Getting the average of numbers within a string

Hey guys this is what I’m trying to work out:

The data is being delivered at 100 samples per second from an Arduino Uno. I’m using a timer and in the action event use tempBuffer = Serial.ReadAll(). This part works pefectly fine. Now what I need to do is take samples of the data from the string (tempBuffer) and get the average in numeric format of course.

The data looks numeric but of course it not, it a long string. The data is terminated by CR+LF which is what the Adunion ouputs.

eg.

25 <CR+LF>
25 <CR+LF>
25 <CR+LF>
25 <CR+LF>
25 <CR+LF>
25 <CR+LF>
25 <CR+LF>
25 <CR+LF>
25 <CR+LF>
. . . etc all the way up to 100 samples (lines).

The variation of numbers is due to a sensitive load cell being attached to the Arduino.

What I need to do is take a sample of the data and show a consistant number on the screen maybe every second - this number will be used for calibration. Time is not crucial in this instance. It wouldn’t matter if the calculations took 1/10th of a second - but I’m sure it won’t.

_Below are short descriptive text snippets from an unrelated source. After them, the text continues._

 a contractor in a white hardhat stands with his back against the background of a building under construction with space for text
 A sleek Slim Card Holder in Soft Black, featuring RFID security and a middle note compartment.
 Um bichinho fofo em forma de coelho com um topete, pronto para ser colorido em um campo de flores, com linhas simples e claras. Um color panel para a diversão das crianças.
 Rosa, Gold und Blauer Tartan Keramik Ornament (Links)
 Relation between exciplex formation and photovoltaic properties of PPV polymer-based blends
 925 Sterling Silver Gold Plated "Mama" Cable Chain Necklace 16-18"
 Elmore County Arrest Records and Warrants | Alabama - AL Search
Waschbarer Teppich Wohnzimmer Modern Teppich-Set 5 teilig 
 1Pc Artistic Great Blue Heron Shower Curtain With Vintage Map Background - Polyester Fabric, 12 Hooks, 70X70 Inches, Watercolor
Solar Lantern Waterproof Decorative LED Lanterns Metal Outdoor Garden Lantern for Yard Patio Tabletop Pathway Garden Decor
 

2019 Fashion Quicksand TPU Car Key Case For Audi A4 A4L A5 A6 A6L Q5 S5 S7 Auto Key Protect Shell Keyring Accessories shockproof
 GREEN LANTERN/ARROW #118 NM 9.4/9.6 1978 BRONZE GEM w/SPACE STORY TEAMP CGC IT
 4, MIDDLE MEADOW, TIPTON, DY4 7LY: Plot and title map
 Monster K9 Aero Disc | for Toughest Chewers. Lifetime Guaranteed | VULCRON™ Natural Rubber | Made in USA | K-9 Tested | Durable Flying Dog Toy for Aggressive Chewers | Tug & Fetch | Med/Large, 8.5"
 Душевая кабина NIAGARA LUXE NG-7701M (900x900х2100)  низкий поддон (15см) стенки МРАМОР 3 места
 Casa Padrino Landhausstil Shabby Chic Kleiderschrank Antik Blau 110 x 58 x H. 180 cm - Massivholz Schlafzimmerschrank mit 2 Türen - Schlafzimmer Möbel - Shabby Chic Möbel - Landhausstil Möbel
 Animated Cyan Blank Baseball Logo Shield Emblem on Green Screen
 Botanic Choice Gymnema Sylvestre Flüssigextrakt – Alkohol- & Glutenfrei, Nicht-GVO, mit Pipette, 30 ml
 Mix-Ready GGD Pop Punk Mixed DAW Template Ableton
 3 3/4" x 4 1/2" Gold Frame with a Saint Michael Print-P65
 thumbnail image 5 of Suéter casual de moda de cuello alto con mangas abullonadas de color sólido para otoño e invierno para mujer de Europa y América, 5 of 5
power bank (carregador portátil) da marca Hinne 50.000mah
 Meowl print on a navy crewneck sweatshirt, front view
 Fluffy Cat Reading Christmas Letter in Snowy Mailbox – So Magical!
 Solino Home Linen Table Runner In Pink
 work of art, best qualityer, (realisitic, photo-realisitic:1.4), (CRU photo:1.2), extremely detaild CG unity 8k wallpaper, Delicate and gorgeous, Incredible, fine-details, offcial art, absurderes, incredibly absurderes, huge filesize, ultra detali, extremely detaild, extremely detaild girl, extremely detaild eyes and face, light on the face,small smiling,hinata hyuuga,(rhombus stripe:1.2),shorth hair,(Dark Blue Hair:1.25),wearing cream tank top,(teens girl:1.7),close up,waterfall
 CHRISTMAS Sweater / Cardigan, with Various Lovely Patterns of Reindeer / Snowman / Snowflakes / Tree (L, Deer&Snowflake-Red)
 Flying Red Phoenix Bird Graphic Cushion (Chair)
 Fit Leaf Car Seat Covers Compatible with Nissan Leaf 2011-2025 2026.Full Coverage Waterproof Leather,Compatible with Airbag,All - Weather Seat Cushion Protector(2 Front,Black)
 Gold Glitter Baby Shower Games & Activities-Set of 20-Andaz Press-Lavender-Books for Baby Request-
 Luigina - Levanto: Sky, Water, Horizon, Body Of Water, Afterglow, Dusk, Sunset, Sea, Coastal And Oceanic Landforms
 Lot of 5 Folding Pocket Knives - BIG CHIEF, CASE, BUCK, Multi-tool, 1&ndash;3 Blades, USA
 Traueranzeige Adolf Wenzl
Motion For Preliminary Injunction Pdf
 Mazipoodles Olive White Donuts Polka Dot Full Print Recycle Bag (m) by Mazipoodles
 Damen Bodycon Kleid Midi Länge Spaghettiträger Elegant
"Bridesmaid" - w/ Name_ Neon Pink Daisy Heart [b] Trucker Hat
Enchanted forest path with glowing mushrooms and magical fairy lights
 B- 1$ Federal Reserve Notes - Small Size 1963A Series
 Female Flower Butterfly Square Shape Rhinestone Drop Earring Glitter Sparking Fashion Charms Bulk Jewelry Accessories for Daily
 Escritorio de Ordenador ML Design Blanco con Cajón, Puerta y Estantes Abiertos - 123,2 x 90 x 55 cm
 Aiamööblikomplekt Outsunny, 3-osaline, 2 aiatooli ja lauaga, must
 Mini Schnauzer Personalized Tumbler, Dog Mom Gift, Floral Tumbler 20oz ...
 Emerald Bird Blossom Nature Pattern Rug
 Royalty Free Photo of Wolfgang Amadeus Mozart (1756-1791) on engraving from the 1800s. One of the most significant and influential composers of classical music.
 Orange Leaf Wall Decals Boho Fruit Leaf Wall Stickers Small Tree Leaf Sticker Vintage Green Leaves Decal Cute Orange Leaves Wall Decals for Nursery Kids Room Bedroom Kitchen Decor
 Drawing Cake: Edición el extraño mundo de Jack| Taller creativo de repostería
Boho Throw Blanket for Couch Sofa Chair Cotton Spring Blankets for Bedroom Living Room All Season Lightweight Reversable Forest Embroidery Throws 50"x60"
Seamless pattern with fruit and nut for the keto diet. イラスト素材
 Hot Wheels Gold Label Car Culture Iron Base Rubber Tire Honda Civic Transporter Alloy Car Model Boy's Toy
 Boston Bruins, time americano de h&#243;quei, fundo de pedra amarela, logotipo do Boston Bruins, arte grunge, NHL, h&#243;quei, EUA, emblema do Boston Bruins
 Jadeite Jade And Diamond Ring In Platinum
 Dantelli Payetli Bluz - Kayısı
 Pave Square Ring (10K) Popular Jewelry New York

For the basic Algorithm, what I’m thinking is to take 50 samples out of the one hundred, perhaps between 25-75 using the <CR+LF> as the delimiter. Add those 50 together then divide by 50 removing any decimal points, this would show the average.

In actual fact it wouldn’t matter if the numbers were just viewed as fruit, ie. Apples, Lemons, Grapes, Oranges providing that I knew which one appeared the most amount of times. Although I still need to use a similar method that does require numbers because of numeric calculations that will be required later.

I believe I have the Algorithm correct - I just don’t know how to convert it to Xojo language. Hope this makes sense. I have done lots reading but still getting nowhere.

Cheers, Steve.

using the Split function, transform the big string in a string array with only the numbers (still as string) in it
then made a loop for each item in the stringarray
convert each item to a number using the val function
and calculate the sum of these numbers during the loop
after the loop, divide by the number of items in the array.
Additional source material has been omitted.